KIM WALKER PHOTO

STORIES: In and Out of the Dark

Appalachia and coal mining are a tightly linked pair. The area's land, culture, education, health and economy have been influenced by mining for well over a century. Close to half of the United States still receives its electricity from coal-powered plants. About half of that coal is mined from Appalachian land. 

The rise of coal mining throughout Appalachia in the early 20th century brought an explosion of growth. Decades later, many of the mines in these smaller towns have closed, and the work has dried up. 

That is not the case everywhere. McDowell County, in southern West Virginia, has produced more coal than any other county in the U.S., and is still going strong. Coal mining is ingrained in the area's culture, and the miners generally accept its cons. They also understand the inevitable: Without the relatively high salaries mining pays, surviving would be a struggle. As life-long miner Mike Wallace of McDowell County put it, "It beats Wal-Mart." 

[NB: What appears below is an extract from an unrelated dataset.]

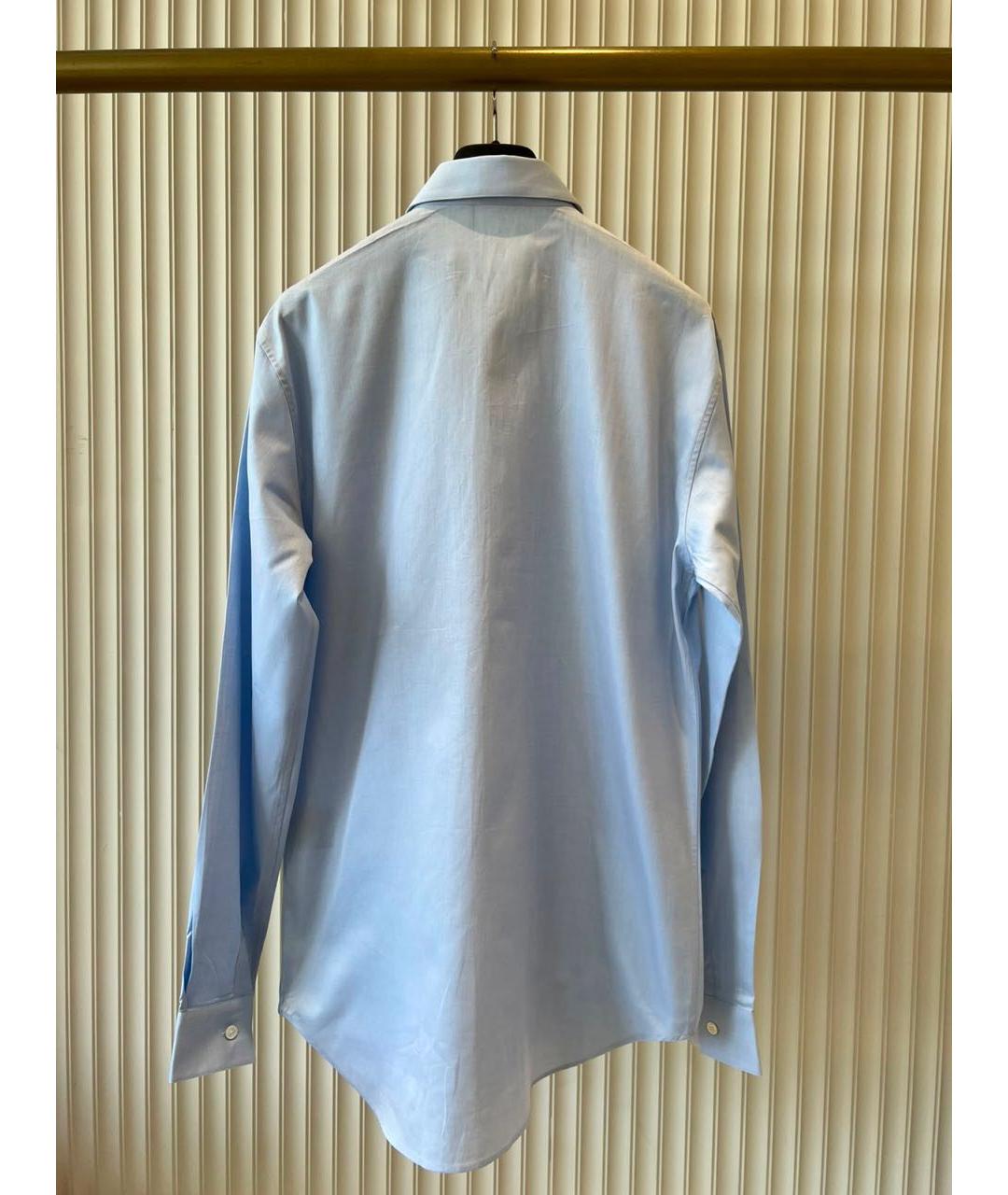 CHRISTIAN DIOR Голубая хлопковая классическая рубашка, фото 2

  • Shane Meadows, the day shift foreman at Carter Coal Company's Thelma No. 6 Mine in Caretta, W. Va., stops the mining machine briefly to shout to another worker. This small McDowell County operation is re-mining a coal mine that was closed in the 1950's. Meadows says it takes a certain kind of person to be a miner but he loves it and wouldn't want any other job.
  • Snow begins to fall on one of the massive hills left over from the New Athens, Ohio, Mahoning Valley Mine, which is now closed. The approximately 12-square-mile surface coal mine was home to the Silver Spade, a 16-story-tall strip-mining shovel, for over 40 years. When the Spade stopped working in early 2006, the company decided to idle it permanently and close the mine. The Silver Spade was dismantled and sold for scrap metal.
  • A worker cuts apart pieces of the Silver Spade at the Mahoning Valley Mine in New Athens, Ohio. A local organization formed in 1992 to save the Spade and make it a tourist attraction. Despite 15 years of planning, they were unsuccessful, and the Spade was sold for scrap metal. The huge machine, one of only two ever built, was the last of its kind.
  • Inmates from Ohio's Hocking Correctional Facility hang newly painted signs on the historic train depot in Murray City, Ohio, a former coal  mining town. The depot was built around the turn of the century and is one of only three original historic train depots left in Ohio.
  • Ed O'Nail concentrates as he gambles electronically in the Corner Lounge in Corning, Ohio. In the 2006 election, Ohioans voted down the {quote}Learn & Earn{quote} bill, which would have created scholarship money for higher education with profits from Ohio casinos. Electronic gambling is legal in the state and controlled by individual counties.
  • Karen King of Beckley, W.Va., makes certain her friends in the heavy metal band Voices of Anatole hear her support during their show at the Court Street Grill in downtown Pomeroy, Ohio. Though Appalachia's musical roots are in bluegrass, the heavy metal scene is thriving, and Court Street Grill was packed for the show.
  • With her mother Terri pressed to her back, 7-year-old Amber Sturgeon's teeth chatter as she raises her arms in worship at River Valley Apostolic Worship Center in Middleport, Ohio. The Apostolic faith, an offshoot of the larger Pentecostal movement, is common within Appalachia. The movement's conservative views reflect the area's political atmosphere.
  • Mike Wallace's youngest daughter, Abby, watches as he leaves their Cucumber, W.Va., home on his way to the evening shift at Brooks Run Coal Company's Cucumber Mine. A month earlier, two miners working on Wallace's shift were killed when part of the mine's roof caved in. Wallace says he accepts that danger is part of the job and prefers mining to anything else.